After investigating the possibilities of manipulating the actual paint matter in a sculptural and material process, Michel Abboud proceeded to explore the physical support itself: the canvas. So many artists over time have manipulated the canvas in different ways. Some have left it blank, others painted in white or in various colors, some burned it, some stabbed it, and others tore it. Abboud has chosen to fold it. By stripping it from its frame, then slicing it, in order to finally fold it onto itself, He seeks to blur the distinctions between content and container, support and object, medium and product. The folded canvas freed from its frame can now take on a multitude of new forms and materiality. Each piece is unique and can never be replicated as each fold is unique – like a fingerprint – due to the complexity of the form. By taking on a variety of light sensitive colors, ranging from metallic hues to shades of darks, down to pure white, investigating the way form and color dynamically react to light depending on the temperature of light and the position of the viewer. Each piece uses traditional materials: regular paint on basic canvas, applied with a standard brush. Yet by applying the amazingly simple process of the fold, what started out as a classic application of paint on canvas now becomes a remarkably complex array of forms that refract light in a multitude of ways, unconstrained by the two dimensional space of the flat canvas. The resulting piece blurs the boundaries between painting and sculpture, and opens a dialogue about the distinction between the two: is it a painting or a sculpture? In the end, it is an object in space, with a certain materiality, and a dynamic reactivity to light, intended to only be appreciated for what it is, as opposed to what it is not. 

Last but not least, at the core of Michel Abboud’s work, are his parametric sculptures, which blur the boundaries between art and architecture. A “parametric” sculpture is a physical manifestation of the digital, in a technological world where the digital has replaced the spiritual. The omnipresence and omnipotence of digital space is sustained by the unequivocal presence of technology in every aspect of our daily lives. Our religious dedication to technology and the digital world has caused digital imagery to become the icons of our new system of belief.

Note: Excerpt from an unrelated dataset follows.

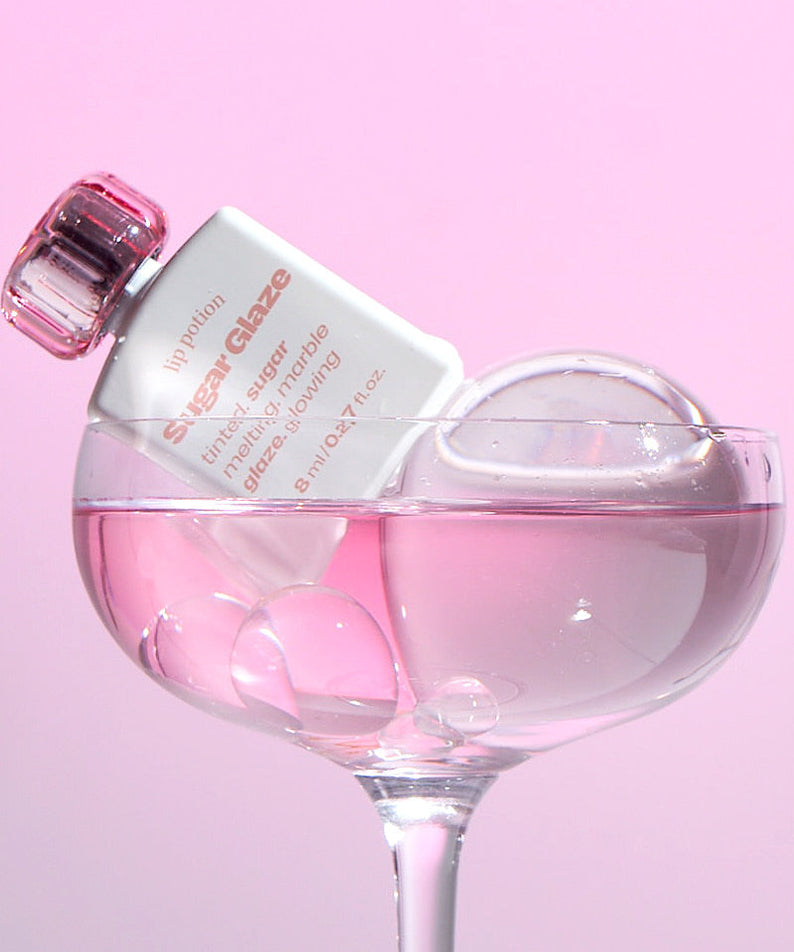 ALTERNATIVE STEREO Lip Potion Sugar Glaze Tint 8ml, produit de maquillage présenté dans un flacon rosé sur fond rose.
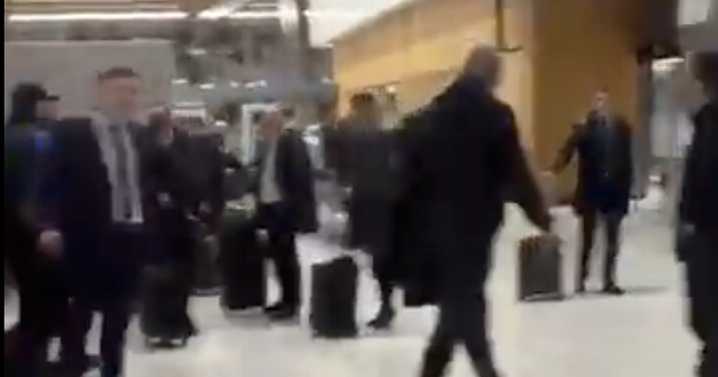 Stewart and Thelwell confronted as furious Rangers fans held back by security during airport altercation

The pixel - the smallest unit of a digital image - is a digital atom that sculptures like Totem or Digital Versicolor represents three-dimensionally in the form of the agglomeration of hundreds of pristine cubes. The same way pixels aggregate to create an image, these three-dimensional pixels of various materials and colors are manipulated parametrically to create a physical object that represents the embodiment of the digital world.
The centrality of Totem will reminisce indigenous ceremonies by very the act of gathering around an icon of belief. It will represent the central role technology has had in connecting us all. The structural impossibility that Digital Versicolor or Pixel Tree defy challenge the common notions of balance and equilibrium. But ultimately, the real paradox relies in the very fact that despite advanced digital scripting software generating the complex relationships between the 3D pixels, each sculpture is built by hand, in an artisanal way.